Mikhail Khodorkovsky was charged Saturday with fraud, forgery and other crimes hours after the special forces troops, weapons drawn, surrounded his private plane at a Siberian airport.
The dramatic arrest alarmed the country's business and political elite, with many analysts saying the actions against Yukos are a Kremlin-directed campaign to keep Khodorkovsky out of politics.
Khodorkovsky, who has openly funded opposition parties, is the latest of Russia's super-rich oligarchs to be pursued by President Vladimir Putin's government. Tycoons Boris Berezovsky and Vladimir Gusinsky have gone into self-imposed exile to avoid criminal prosecution.
The Prosecutor General's office charged Khodorkovsky with fraud, forgery, embezzlement and personal and corporate tax evasion, the news agency Interfax reported. A spokesman for the office told The Associated Press that charges had been filed, but gave no specifics.
The charges were filed in Moscow, where Khodorkovsky was brought after he was detained during a business trip in Novosibirsk, the main city of Siberia.
Khodorkovsky could be kept until Dec. 30 in a pretrial detention facility, his attorney Anton Drel said. The shabby and overcrowded detention units are widely considered worse than Russia's prisons.
"The charges of the prosecutor are groundless. The detention of Mikhail Khodorkovsky is aimed at fanning a big scandal which would cover up the lack of evidence in the so-called Yukos case," Yukos spokesman Alexander Shadrin told AP.
Shadrin said Khodorkovsky's plane was surrounded by trucks after it landed in Novosibirsk and black-uniformed forces identifying themselves as FSB -- the main successor to the Soviet-era KGB -- boarded the plane shouting "put down your weapons or we'll shoot."
Worth $8 billion
The 40-year-old Khodorkovsky, whose wealth was estimated by Forbes magazine at $8 billion, is one of the most prominent of Russia's so-called "oligarchs" -- men who made huge, quick fortunes after the collapse of the Soviet Union by acquiring state property at low prices in deals whose ethics came under question.
The oligarchs are greatly resented by large numbers of Russians who did not benefit from the privatization of state property. Both parliamentary and presidential elections will be held in the coming months, and the standing of pro-Kremlin parties among ordinary Russians has been strengthened by the pressure being put on oligarchs by the authorities.

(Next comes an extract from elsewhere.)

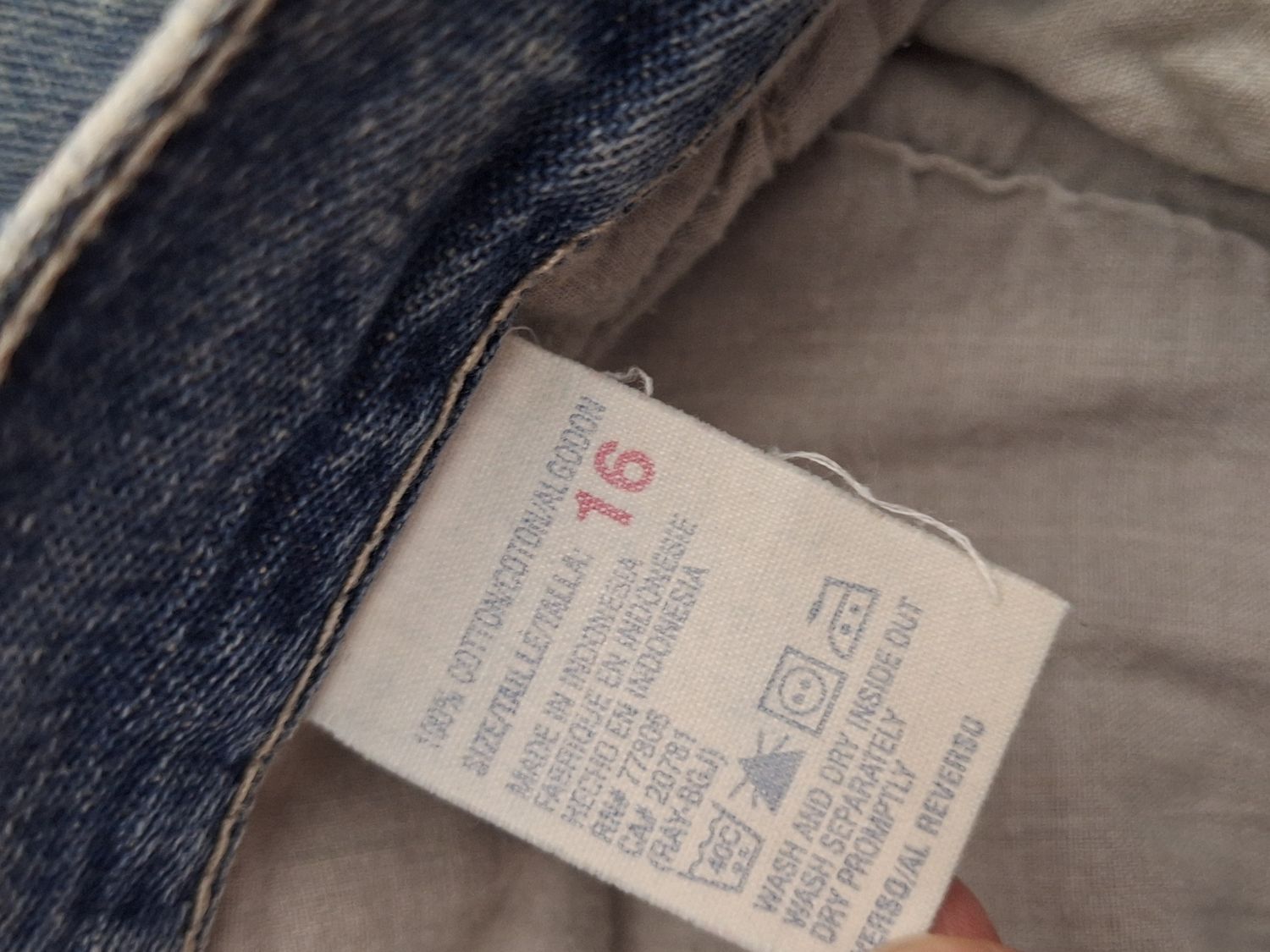 SPODENKI JEANSOWE  TOMMY  HILFIGER     039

Under Putin, authorities stripped Gusinsky of his media empire and charged him with fraud and have charged Berezovsky with fraud in connection with an automobile company. Both now live overseas, where courts have rejected Russian extradition requests.
Both Gusinsky and Berezovsky allege that the actions against them are a political vendetta in retaliation for criticism of Putin. The Kremlin says that the prosecutor's office is an independent agency outside presidential control.
Khodorkovsky has given funding to the opposition Yabloko and Union of Right Forces parties and is believed to have personal political ambitions.
As head of the largest company dealing in Russia's largest export commodity, Khodorkovsky can wield substantial influence, and his potency was likely to increase with Yukos' recently finalized merger with Sibneft to create the world's fourth-largest oil exporting company.
On Thursday, investigators raided a public relations company that was doing work for Yabloko in the election campaign for the national parliament, reportedly looking for evidence connected to the Yukos probe.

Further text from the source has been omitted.